FileSystemStorage subclass that allows overwrite the already existing
files.
Be careful using this class, as user-uploaded files will overwrite
already existing files.
"""
# The combination that don't makes os.open() raise OSError if the
# file already exists before it's opened.
OS_OPEN_FLAGS = os.O_WRONLY | os.O_TRUNC | os.O_CREAT | getattr(os, 'O_BINARY', 0)
def get_available_name(self, name, max_length=None):
"""
This method will be called before starting the save process.
"""
return name
In your model, use your custom OverwriteStorage
myapp/models.py
from django.db import models
from core.files.storages.backends.local import OverwriteStorage
class MyModel(models.Model):
my_file = models.FileField(storage=OverwriteStorage())
The answers work fine if you are using the app's filesystem to store your files. But, If your are using boto3 and uploading to sth like AWS S3 and maybe you want to set a file already existing in an S3 bucket to your model's FileField then, this is what you need.
We have a simple model class with a filefield:
class Image(models.Model):
img = models.FileField()
owner = models.ForeignKey(get_user_model(), on_delete=models.CASCADE, related_name='images')

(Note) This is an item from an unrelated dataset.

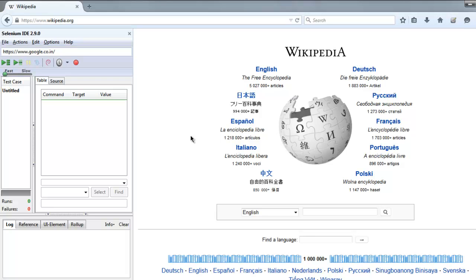Hi there, so in this video we are going to discuss Selenium keypress command. I'm on this Wikipedia page and here you can see it has a search option. What we're going to do is find the location of the input box.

date_added = models.DateTimeField(editable=False)
date_modified = models.DateTimeField(editable=True)
from botocore.exceptions import ClientError
import boto3
s3 = boto3.client(
's3',
aws_access_key_id=os.getenv("AWS_ACCESS_KEY_ID"),
aws_secret_access_key=os.getenv("AWS_SECRET_ACCESS_KEY")
)
s3_key = S3_DIR + '/' + filename
bucket_name = os.getenv("AWS_STORAGE_BUCKET_NAME")
try:
s3.upload_file(local_file_path, bucket_name, s3_key)
# we want to store it to our db model called **Image** after s3 upload is complete so,
image_data = Image()
image_data.img.name = s3_key # this does it !!

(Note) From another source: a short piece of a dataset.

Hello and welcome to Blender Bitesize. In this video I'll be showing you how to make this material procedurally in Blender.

image_data.owner = get_user_model().objects.get(id=owner_id)
image_data.save()
except ClientError as e:
print(f"failed uploading to s3 {e}")
Setting the S3 KEY into the name field of the FileField does the trick. As much i have tested everything related works as expected e.g previewing the image file in django admin. fetching the images from db appends the root s3 bucket prefix (or, the cloudfront cdn prefix) to the s3 keys of the files too. Ofcourse, its given that, i already had a working setup of the django settings.py for boto and s3.